What to produce | Your job is to give again, exactly and with no additions, the lines in the records below from the one with "Photo of Modern" through the one with "A compact kitchen", both included. Omit the pictures.
----- Input for this task
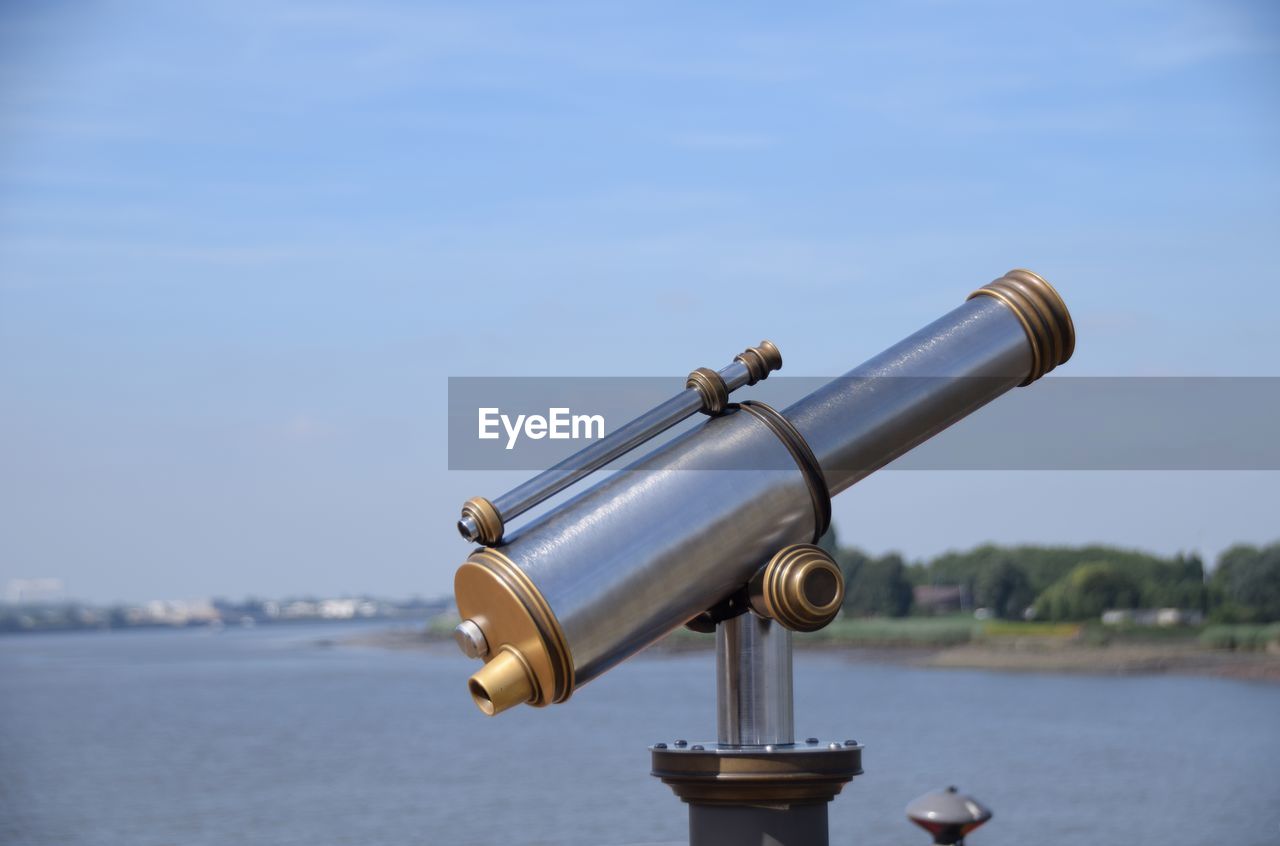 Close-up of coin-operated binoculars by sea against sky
----------
----- Input for this task
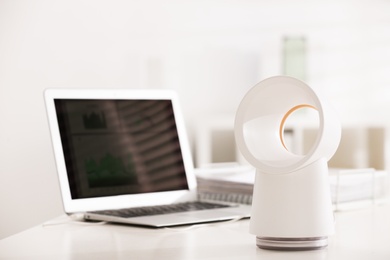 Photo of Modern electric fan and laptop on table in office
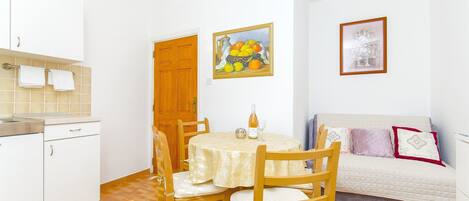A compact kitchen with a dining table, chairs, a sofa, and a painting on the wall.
----------
----- Input for this task
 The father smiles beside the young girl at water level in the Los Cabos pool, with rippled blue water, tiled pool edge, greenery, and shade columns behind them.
----------
Reply |
 Photo of Modern electric fan and laptop on table in office
A compact kitchen with a dining table, chairs, a sofa, and a painting on the wall.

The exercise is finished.